Still in the early stages of development, the Mubarak Al Kabir facility is being built on Boubyan Island, located near the Iraqi port of Umm Qasr. A briefing provided in October by URS, the engineering and technical consultants overseeing the development, said that much of the early work on the port was on, or ahead of schedule, with more than half the initial stage of the project completed. According to URS, the facility will be handling cargo well before the final work is completed in 2020.
The port is earmarked to become one of Kuwait’s major freight-handling hubs, helping to ease the load on existing facilities at the ports of Shuaiba and Shuwaikh.

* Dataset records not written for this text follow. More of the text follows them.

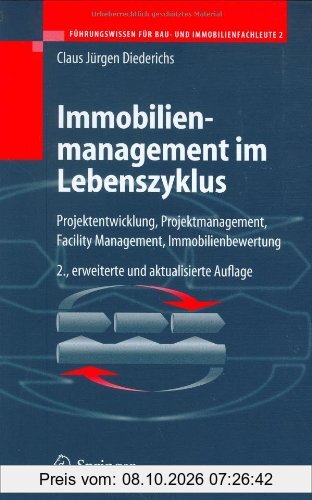 Immobilienmanagement im Lebenszyklus: Projektentwicklung, Projektmanagement, Facility Management, Immobilienbewertung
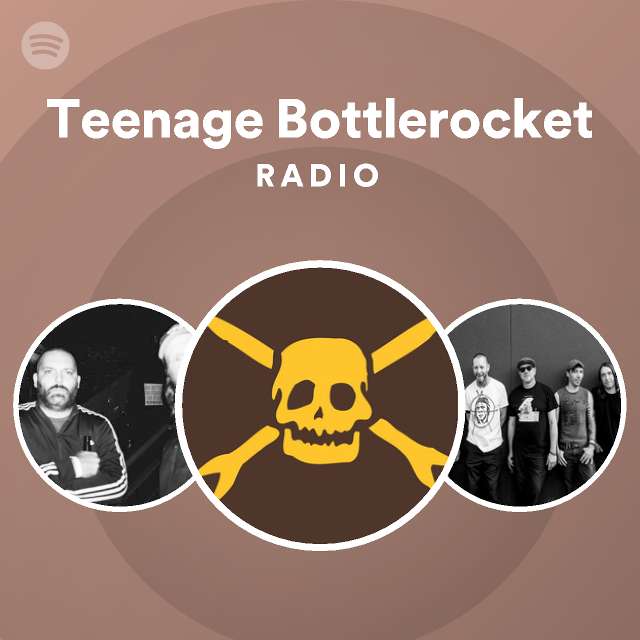 Teenage Bottlerocket Radio Spotify Playlist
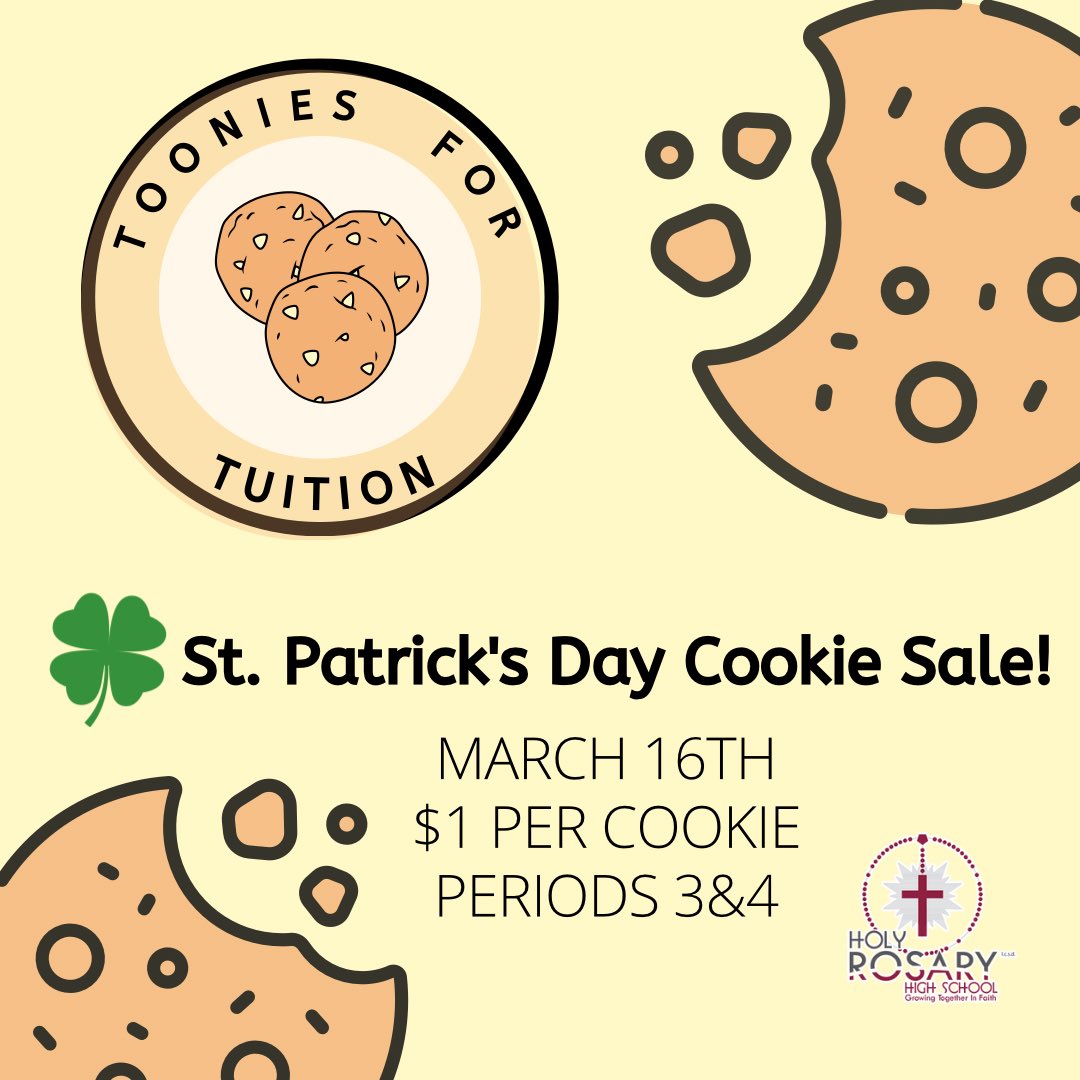 HolyRosaryHS's tweet photo. Don’t forget to bring some extra change for tomorrow’s “Toonies for Tuition” St. Patrick’s Day cookie sale!

➡️ Periods 3&amp;4
➡️ $1 per cookie
➡️ In the Commons

See you there!🍀🍪

#thisisLCSD #HRHS #tooniesfortuition #yll #cookieday https://t.co/GlcAE5jOOm
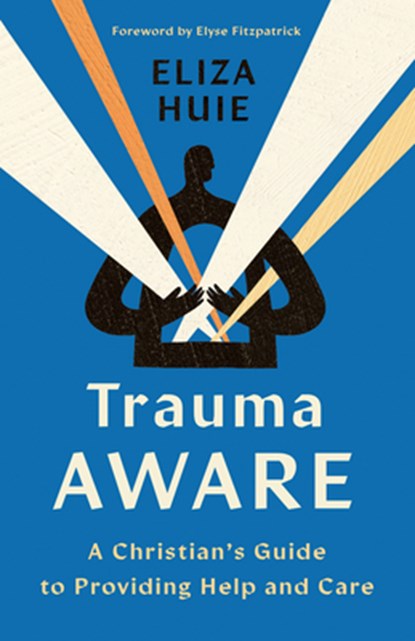 Trauma Aware: A Christian's Guide to Providing Help and Care, Eliza Huie - Paperback - 9780736988926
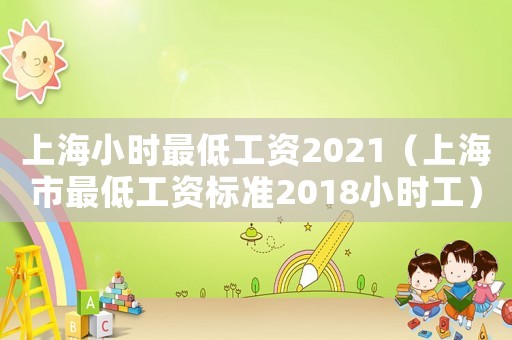 上海小時最低工資2021（上海市最低工資標(biāo)準(zhǔn)2018小時工）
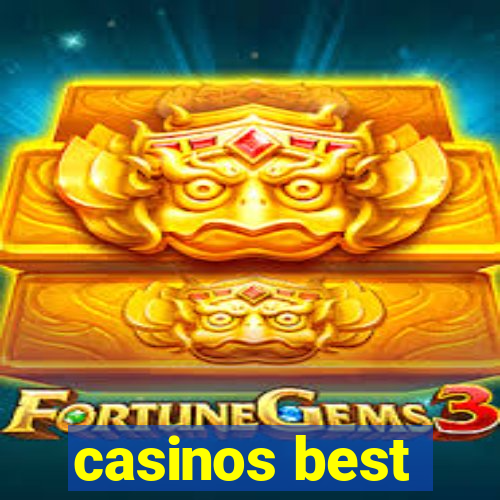 casinos best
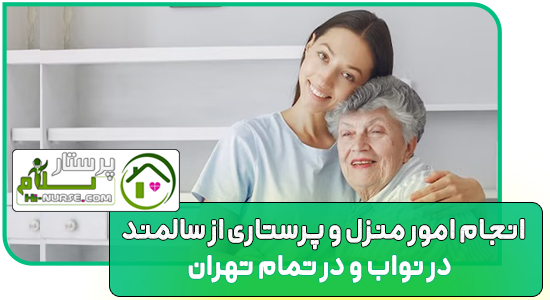 انجام امور منزل و پرستاری از سالمند در نواب و تهران پرستار خانم جهت سالمند پرستار سلام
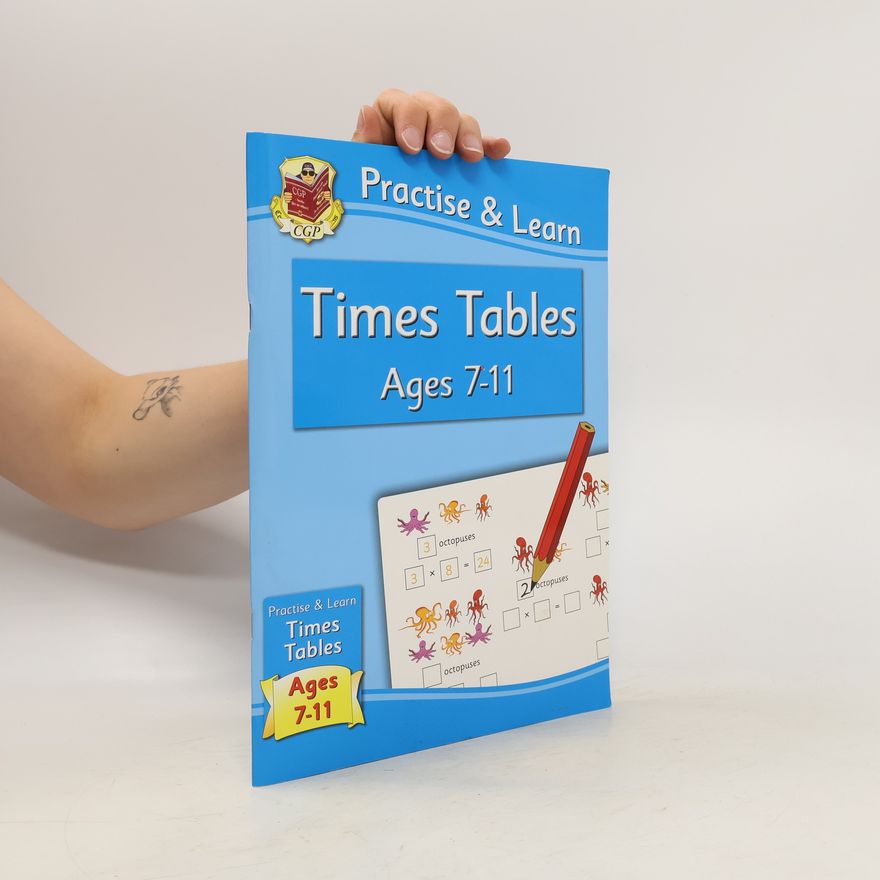 Autorenkollektiv Practise & Learn. Times Tables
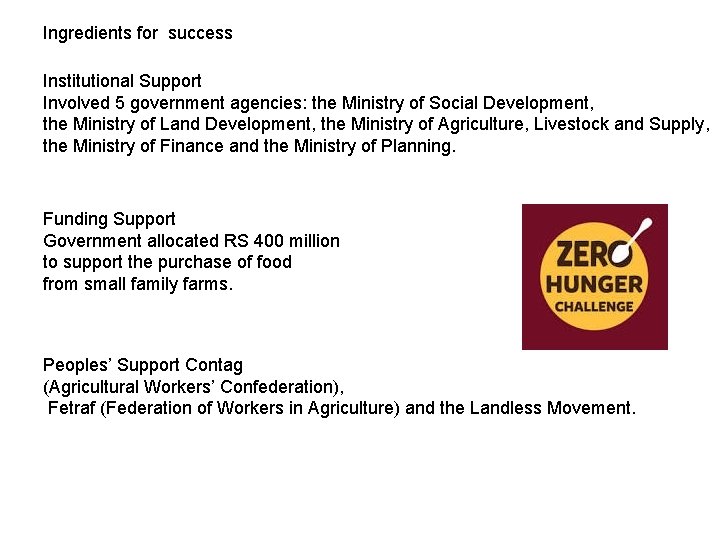 Ingredients for success Institutional Support Involved 5 government agencies: the Ministry of Social Development,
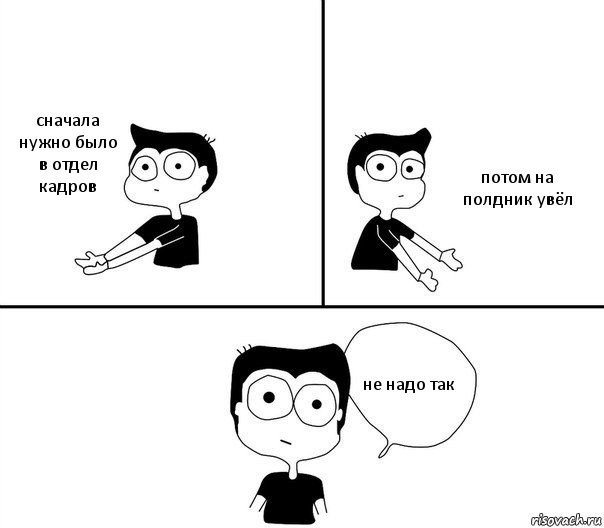 сначала нужно было в отдел кадров потом на полдник увёл не надо так, Комикс Не надо так (парень)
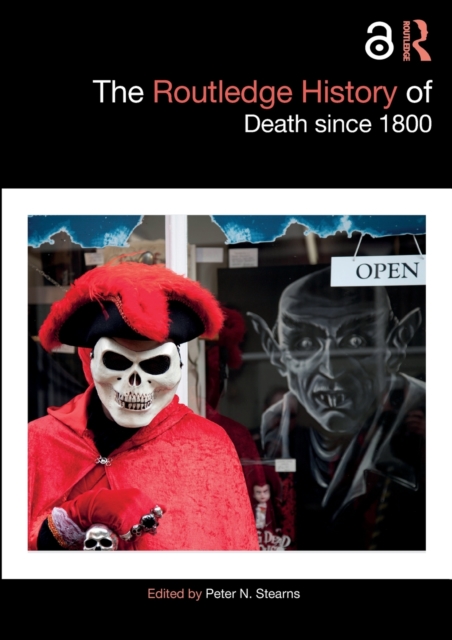 The Routledge History of Death since 1800, Paperback / softback Book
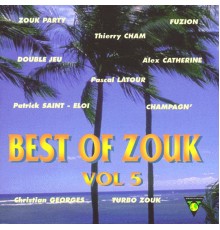 Various Artists - Best of Zouk, Vol. 5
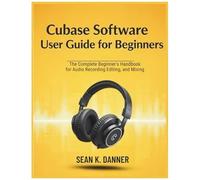 Cubase Software User Guide For Beginners: The Complete Beginners Handbook For Audio Recording, Editing, And Mixing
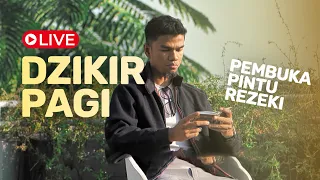 DZIKIR PAGI - Muzammil Hasballah
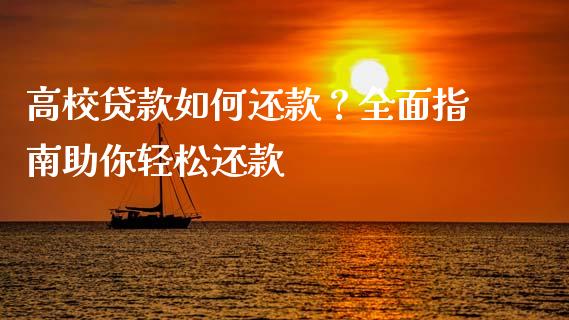高校贷款如何还款？全面指南助你轻松还款_https://m.jnlaobingbanjia.com_基金市场_第1张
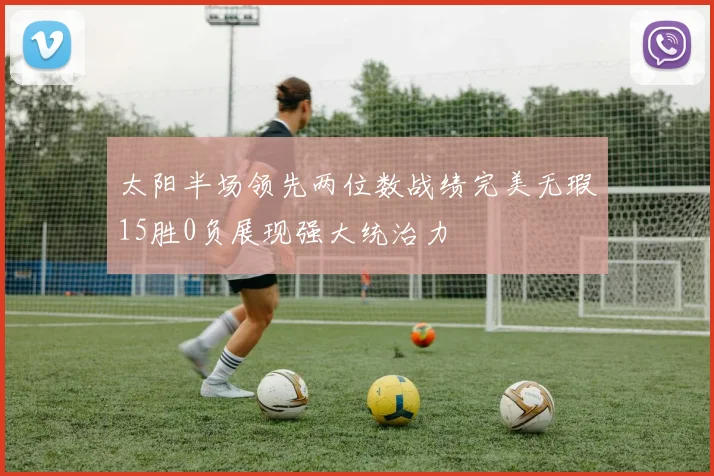 太阳半场领先两位数战绩完美无瑕15胜0负展现强大统治力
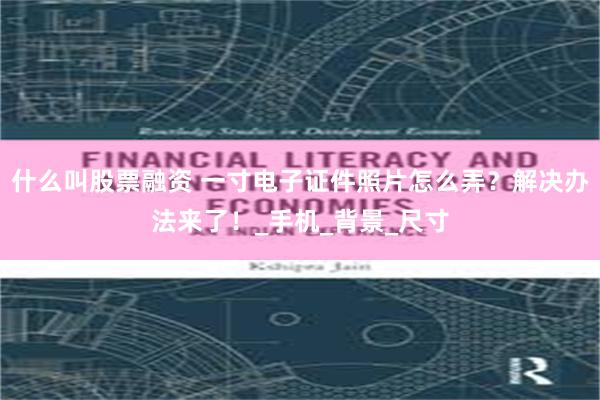什么叫股票融资 一寸电子证件照片怎么弄？解决办法来了！_手机_背景_尺寸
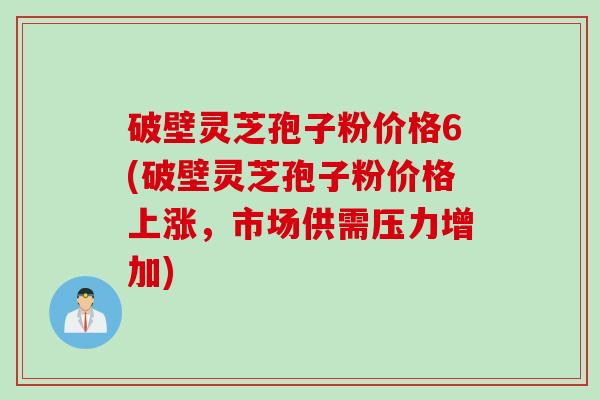 破壁灵芝孢子粉价格6(破壁灵芝孢子粉价格上涨，市场供需压力增加)
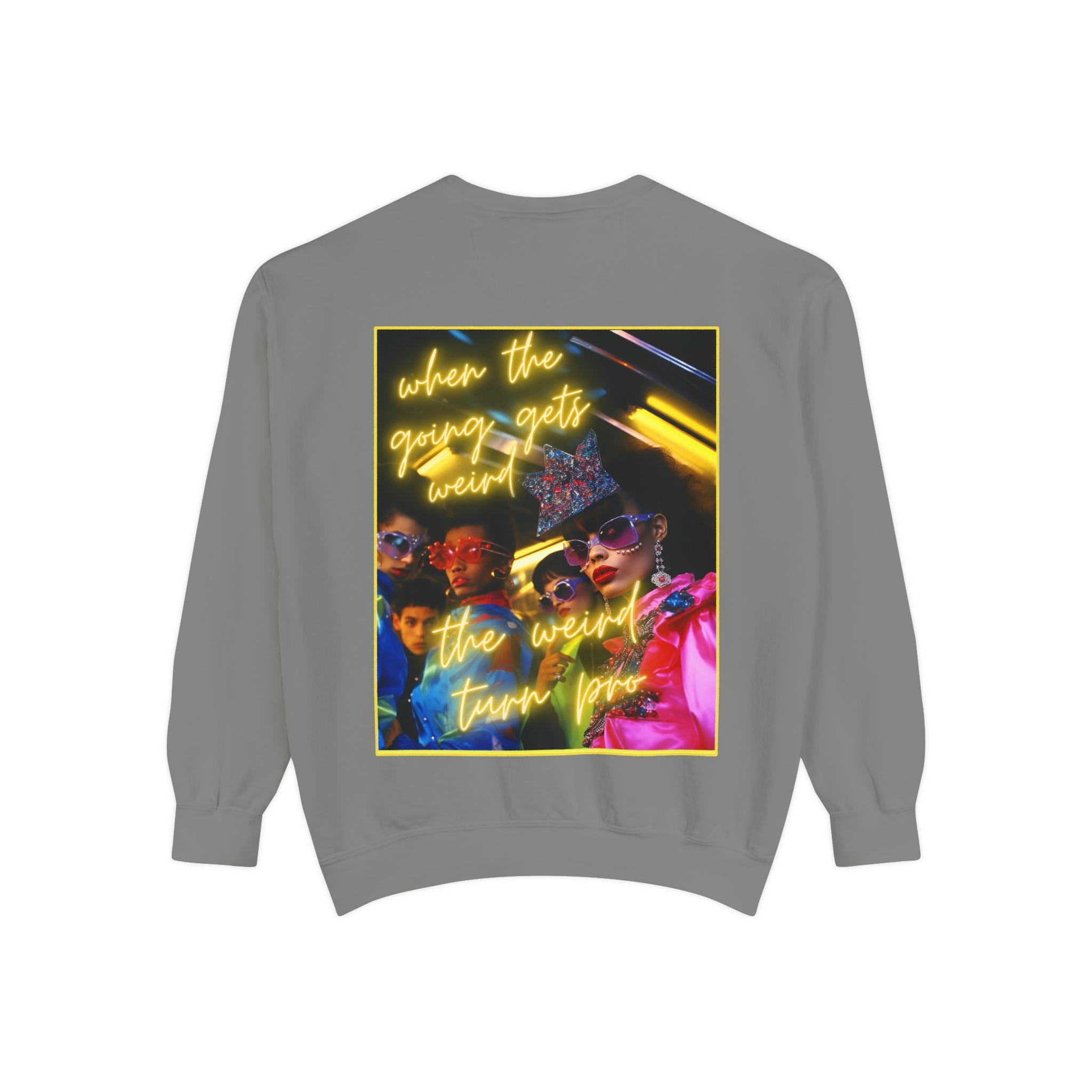 When the Going Sweatshirt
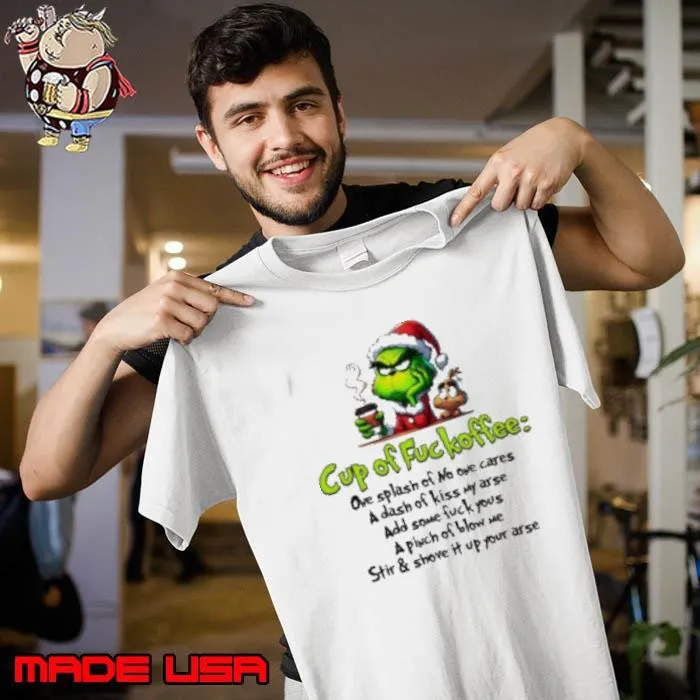 Christmas Cup Of Fckoffee Funny Grinchmas Unisex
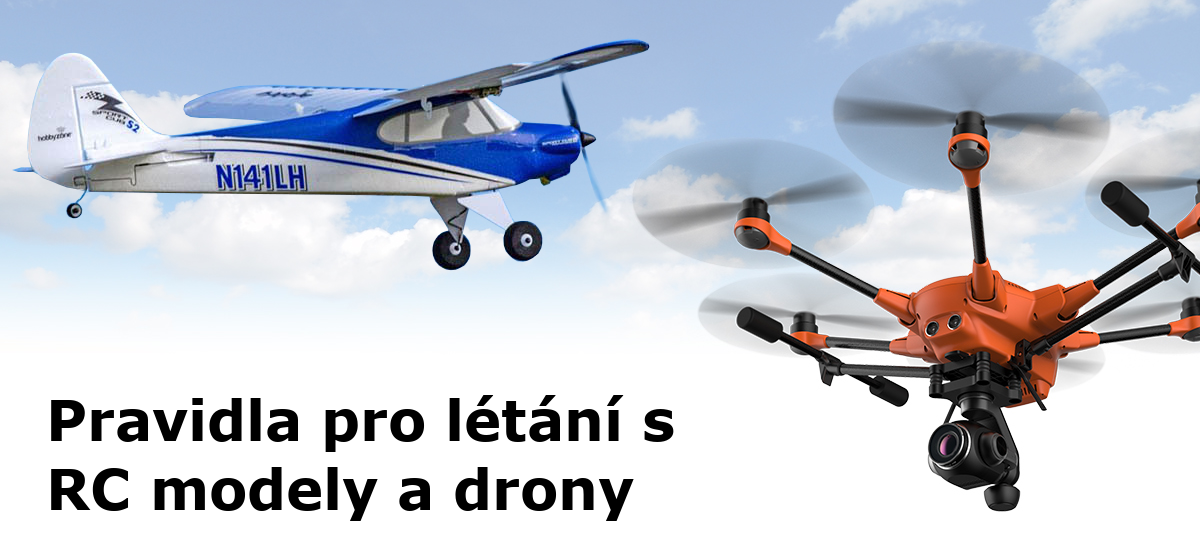 Pravidla pro létání s RC modely a drony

However, despite plans for it to be equipped with advanced technology and cargo-handling equipment, the facility may meet other challenges.
Observers have pointed out that moves by Kuwait’s neighbours to pump investment into extensive maritime infrastructure programmes of their own could leave Mubarak Al Kabir struggling to edge the competition in the country’s drive to become a regional logistics centre.
“Kuwait’s strategic location, with access to Saudi Arabia, Iraq and Iran, makes it a natural transit and transport hub for the Northern Gulf, but with neighbouring nations working on their own infrastructure upgrades, the market is becomingly increasingly competitive,” Chris Hayman, the chairman of maritime research firm Seatrade, said.
Speaking in mid-November, Hayman said that while the port would provide a significant boost for Kuwait’s logistics sector, its contribution to the economy would be considerably improved if, as has been proposed, the Boubyan Island facility is linked to the planned GCC rail network, which is earmarked for completion before the end of the decade.
Kuwait plans to lay 340 miles of broad-gauge rail, which will connect into the Saudi section and continue on through to the rest of the grid. A proposal has also been made for the northern end of the line to be extended to the border with Iraq, linking into its main lines.
While the extension would raise Mubarak Al Kabir’s trans-shipment capacity to its northern neighbour, the proposal has been caught up in Iraq’s long-standing opposition to the port project itself.
Boubyan’s location on the narrow Khawr Abdullah waterway, which also provides access to Iraq’s ports, prompted Baghdad to accuse Kuwait of attempting to suffocate its shipping trade and cutting off what it regarded as its territorial waters. Concerns were raised that the development could restrict shipping access to Iraq’s ports to the north and lure away clients, despite Kuwait’s assurances that the Boubyan Island project would not harm Iraqi interests.
The controversial issue has died down in recent months following a series of heated exchanges in 2011. However, its sensitivity may make future maritime logistics cooperation between the two countries something of a challenge.
In an effort to allay concerns, Rabah Al Rabah, the director general of the Kuwait Chamber of Commerce and Industry (KCCI), told Iraqi journalists in early November that Mubarak Al Kabir could boost cross-border trade and investment. He said Kuwait was keen to develop trade relations with Iraq, although he acknowledged that for this to happen, more needed to be done to improve sea and land access points.
Kuwait will be keen to tie in Mubarak Al Kabir’s completion with the development of other major transport infrastructure projects as it looks to strengthen interconnectivity with both domestic and regional logistics networks. By establishing its credentials early, the port will be well placed to compete with others in the region.